Last week, after the White House denied providing direct intelligence to Ukrainians "with the intent to kill Russian generals," Biden spoke separately with Defense Secretary Lloyd Austin, CIA Director William Burns and Director of National Intelligence Avril Haines.
He told them that it was not helpful for information to become public about what the US was sharing with the Ukrainian forces fighting the Russian invasion, an official said, and stressed that the leaks regarding such information must stop.
Biden's message to his top national security officials was first reported by NBC News.
White House press secretary Jen Psaki on Monday told reporters the President was "displeased" with the leaks and considered them "inaccurate."
Psaki, who declined to confirm calls between the President and his team, told reporters that Biden's view "was that it was an overstatement of our role, an inaccurate statement, and also an understatement of the Ukrainians' role and their leadership, and he does not, did not, (feel) they were constructive."
US officials have been candid about intelligence sharing with Ukrainians but have also said there is a line in what is shared with them. In addition to sending weapons for the battlefield, officials have also provided intelligence "to help the Ukrainians defend their country," a spokesperson for the National Security Council said last week.

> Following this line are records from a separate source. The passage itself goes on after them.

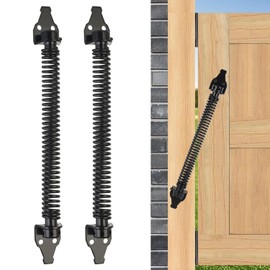 BOODVON 14" Gate Spring Self Closing Heavy Duty Door Springs to Close Door, Adjustable Tensioner Automatic Gate Closure, Gate Spring for Wooden Gate, Vinyl Fence, Steel Door(Black, 2 Pack)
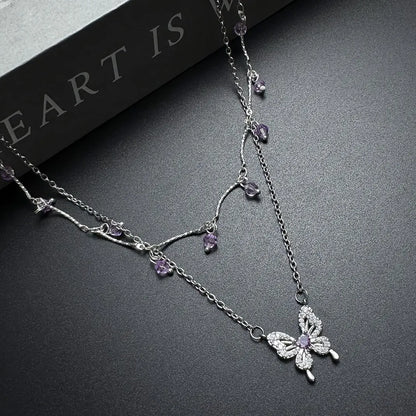 Accessories Double Layer Butterfly Tassel Choker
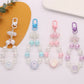 Cute Acrylic Round Bead Strand with Iridescent Paws, Animal Themed Bead Keychain, Key ring, Phone Lanyard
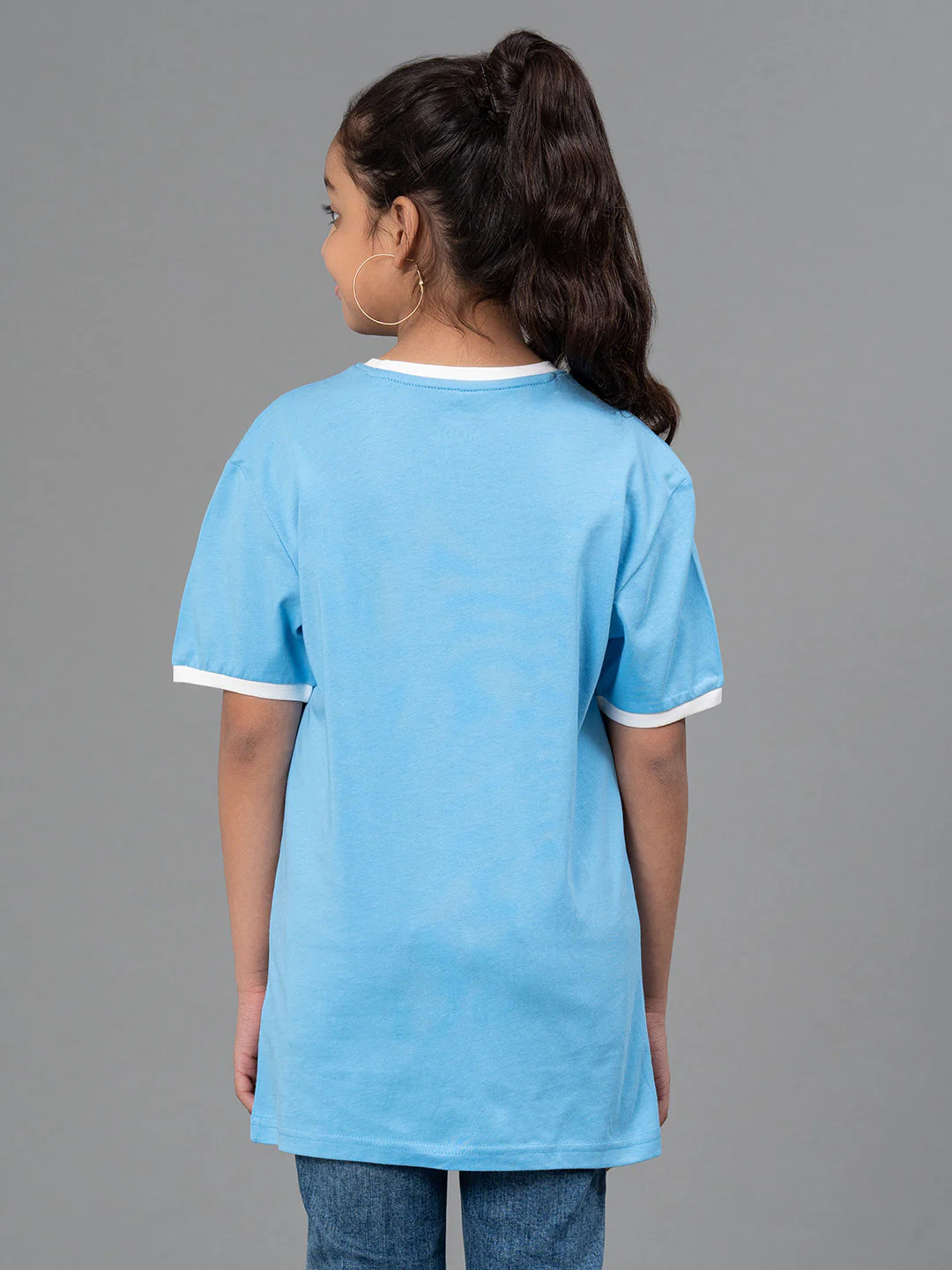 Deep Sky Blue Color Girls T-Shirt| Best in Comfort|Cotton - Image 3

Administration officials have previously insisted there are clear limits on the intelligence it shares with Ukraine, including a ban on providing precision targeting intelligence for senior Russian leaders by name. Those limits are part of a White House effort to avoid crossing a line that Moscow may view as too escalatory.
But the intelligence sharing efforts have proved useful. So far, the information has contributed to successful strikes against senior Russian leaders and the Russian Navy's flagship, the Moskva, sources familiar with the intelligence sharing previously told CNN.
So far, Russia has not taken any known direct action against the United States or NATO in response to ongoing military and intelligence support.
US officials have been left to speculate why Moscow has held back, particularly when it comes to cyberattacks, which the US warned ahead of the war that Russia might use as retribution for US assistance. Russia has also not moved to strike Kyiv during the visits of a host of senior American leaders, from House Speaker Nancy Pelosi to Secretary of State Antony Blinken.
And the country has also not attempted to strike arms shipments flowing through Poland, a NATO nation. Only recently has Russia begun targeting railways inside Ukraine believed to be carrying Western arms to the fight.
In addition to sharing intelligence, the US has also provided billions in aid to Ukraine in its fight against Russia.
Last week, Biden announced a $150 million package that includes 25,000 155mm artillery rounds, counter-artillery radars, jamming equipment and field equipment and spare parts, according to a White House official.
Biden has proposed a $33 billion new aid package for Ukraine, which he sent to Congress last month. The US has made it clear it intends to provide long-term support to Ukraine, and the proposed package last week was more than twice as much as the $13.6 billion infusion of military and humanitarian aid that Congress approved last month.
This story has been updated with additional details Monday.